• [Exercise brief]: Repeat, word for word, every line from the line holding "Boho Blue Decorative" through the final line of the entries below. Skip all pictures.

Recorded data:
###
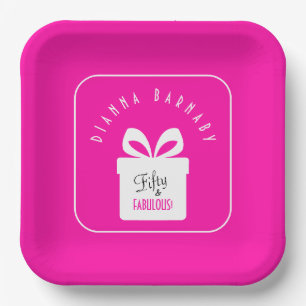Vijftig & FEESTELIJK! Heet Roze 50ste Verjaardagsf Papieren Bordje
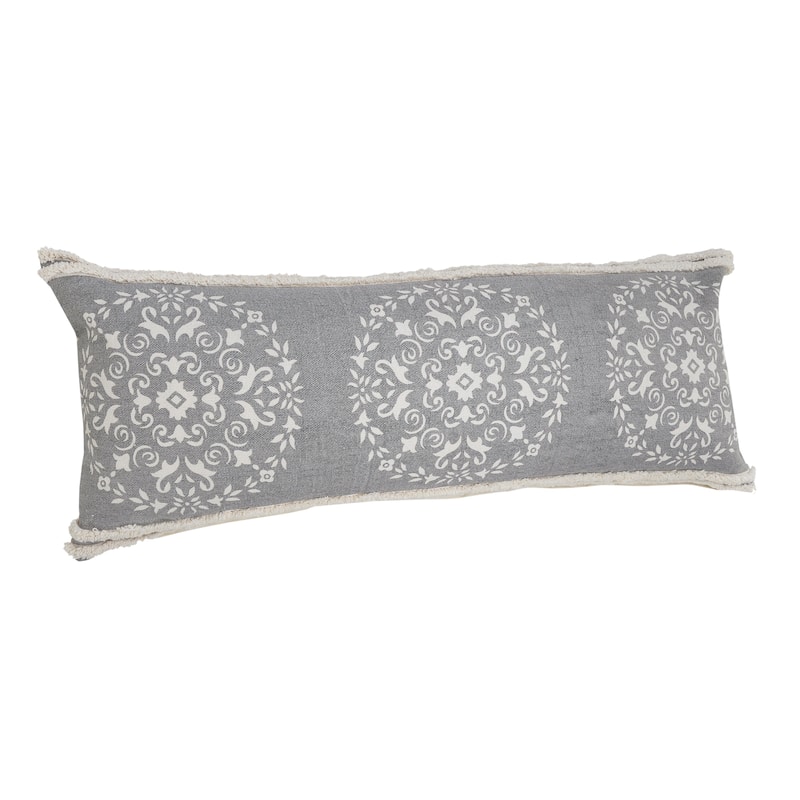 Sevita Casual Mandala Medallion Lumbar Pillow with Tufted Border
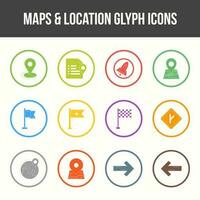 único mapas y ubicación glifo icono conjunto vector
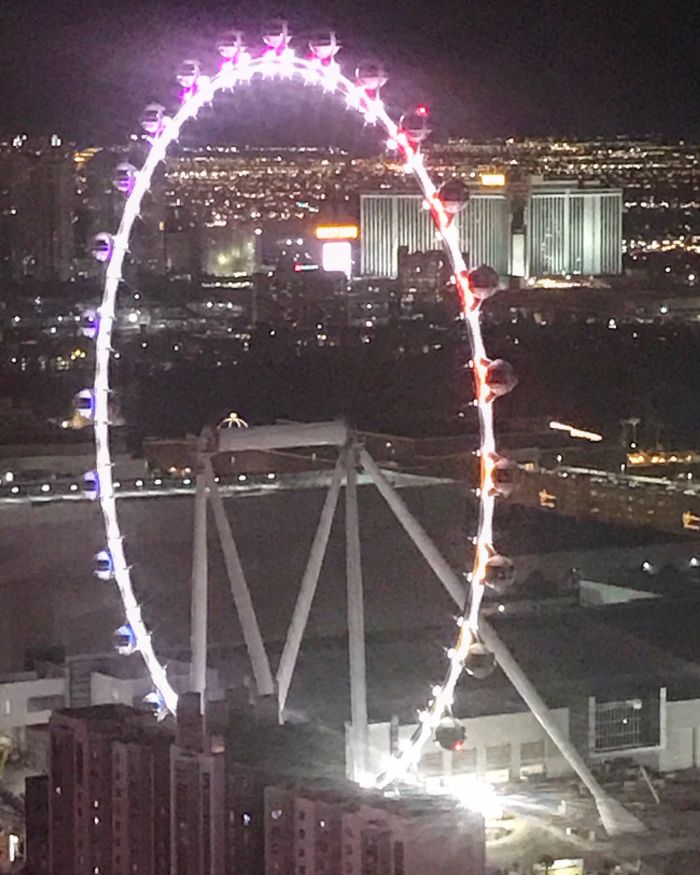 The Famous Las Vegas Strip In Front Of The Paris Casino. Picture Shows The  Paris Balloon And The Eiffel Tower Replica Which Is About Half The Size Of  The Original In France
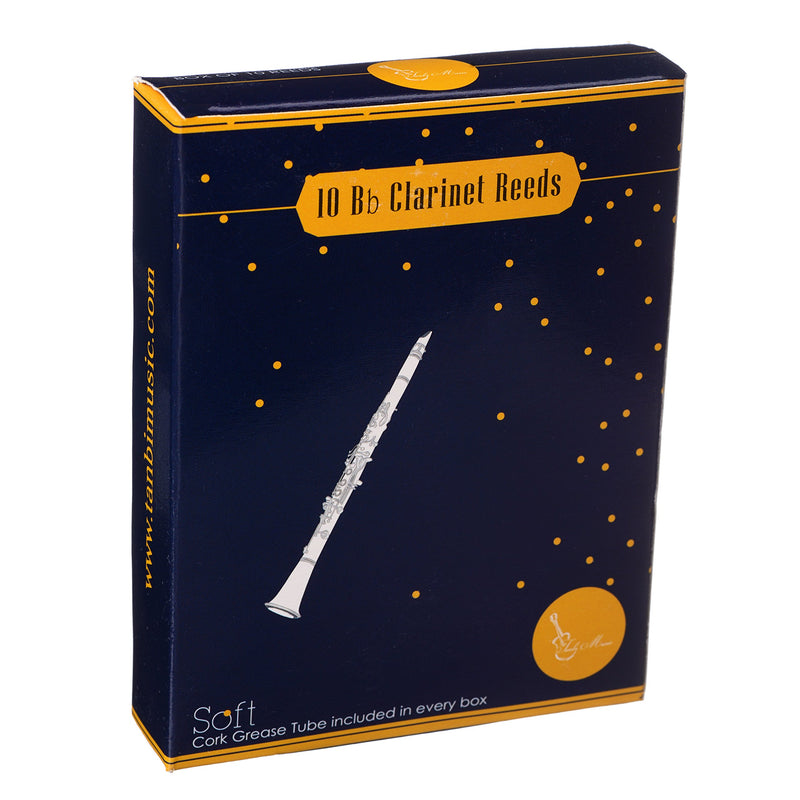 10 Bb Clarinet Reeds (Tanbi Music CLR101): 10 Medium Reeds Strength 2.5-3 and Clarinet Cork Grease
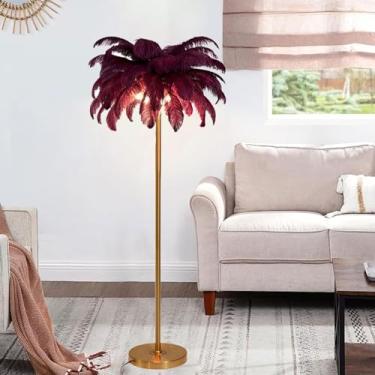 Imagem de Luminária de chão nórdica, luminária de chão de penas naturais regulável, proteção ocular, iluminação de leitura, luz alta para sala de estar, quarto, escritório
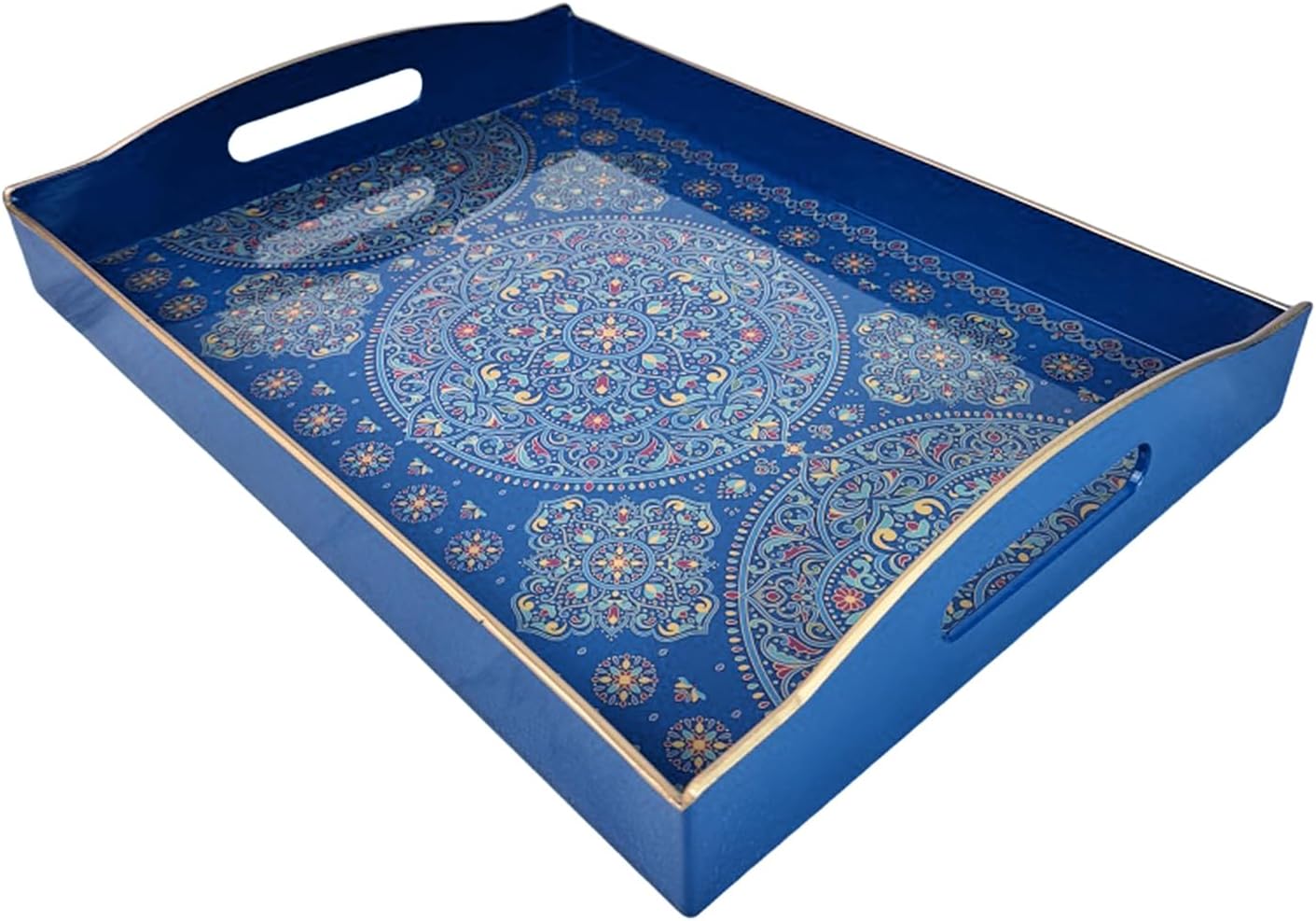 Boho Blue Decorative Tray, Serving Tray with Handles, Plastic Tray for Coffee Table, Ottoman - Ideal for Living Room &amp; Bathroom. 15” x 11” x 2.5”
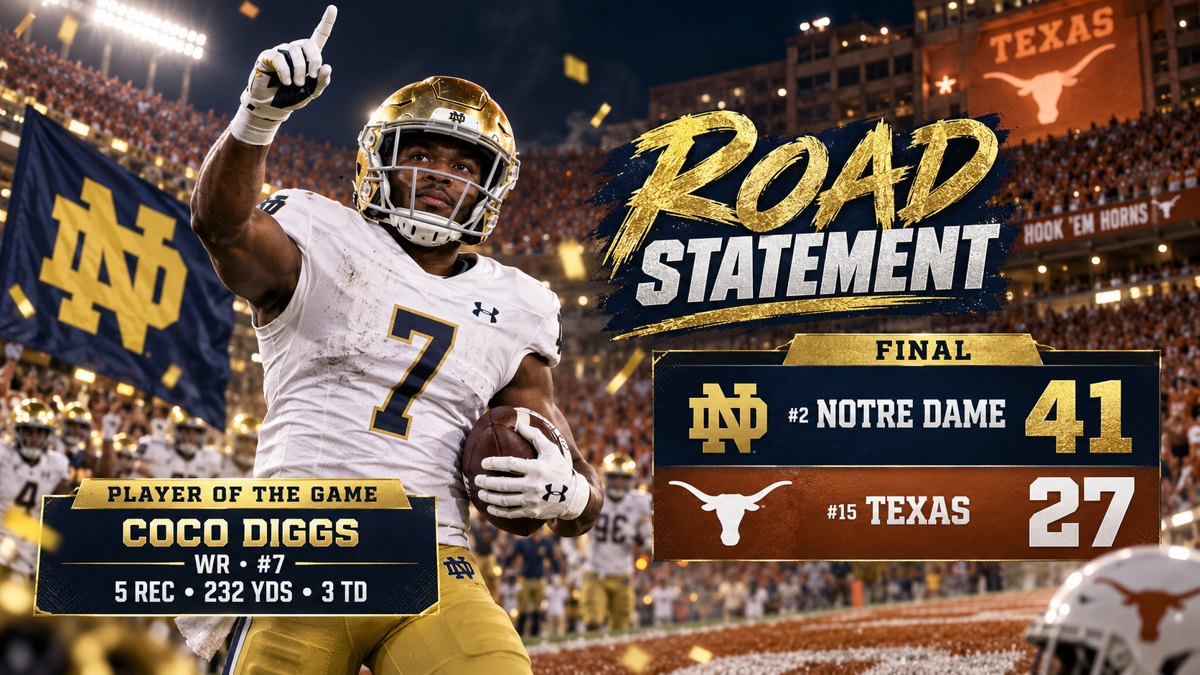 Irish streaking — Notre Dame 41, Texas 27, via Bowzer in #big-games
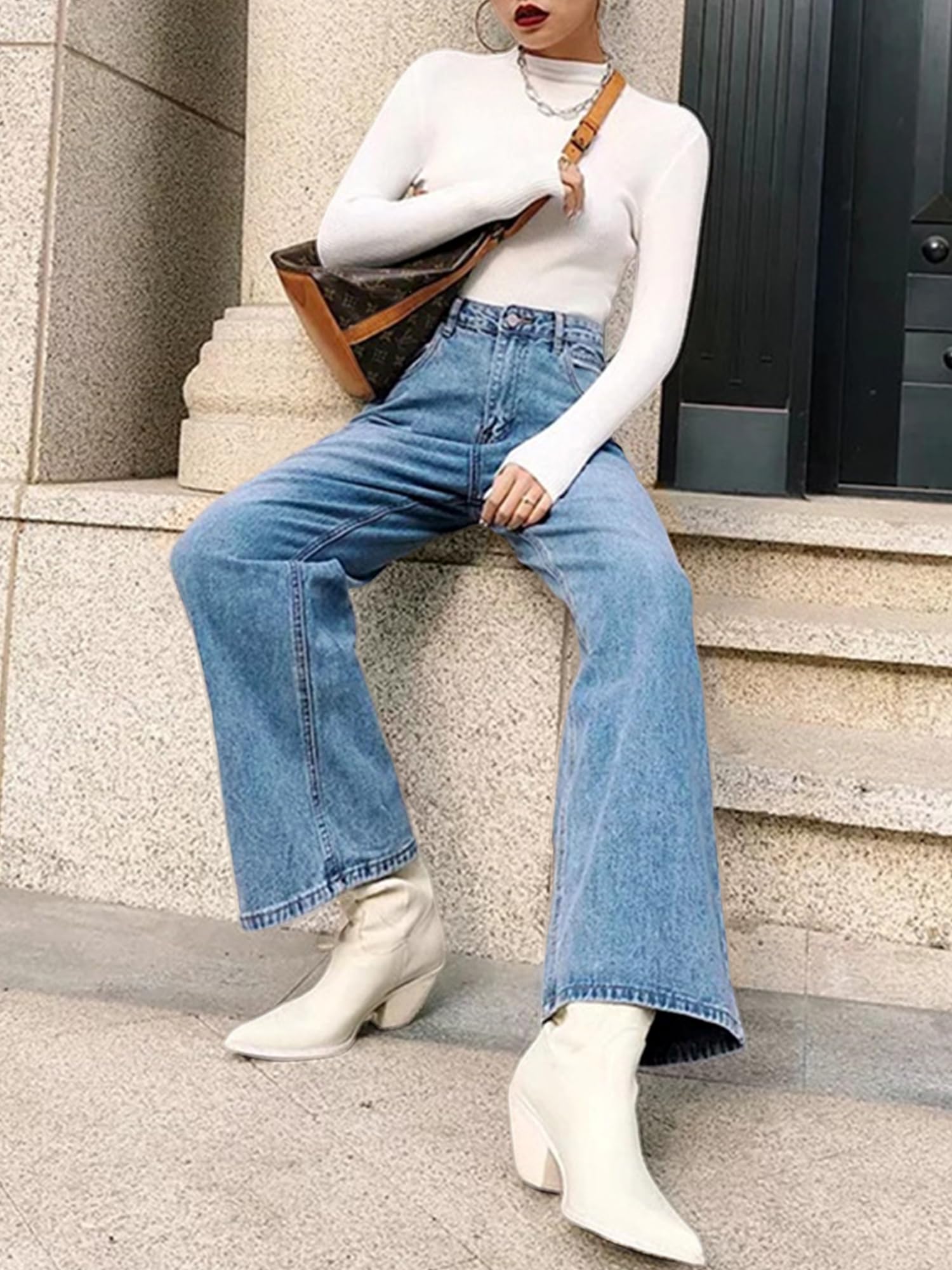 HDLTE Women Wide Leg Jeans High Waist Baggy Jeans for Women Loose Boyfriends Jeans Denim Pants Y2K 90s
###
• [Result of the exercise]:
 Boho Blue Decorative Tray, Serving Tray with Handles, Plastic Tray for Coffee Table, Ottoman - Ideal for Living Room &amp; Bathroom. 15” x 11” x 2.5”
 Irish streaking — Notre Dame 41, Texas 27, via Bowzer in #big-games
 HDLTE Women Wide Leg Jeans High Waist Baggy Jeans for Women Loose Boyfriends Jeans Denim Pants Y2K 90s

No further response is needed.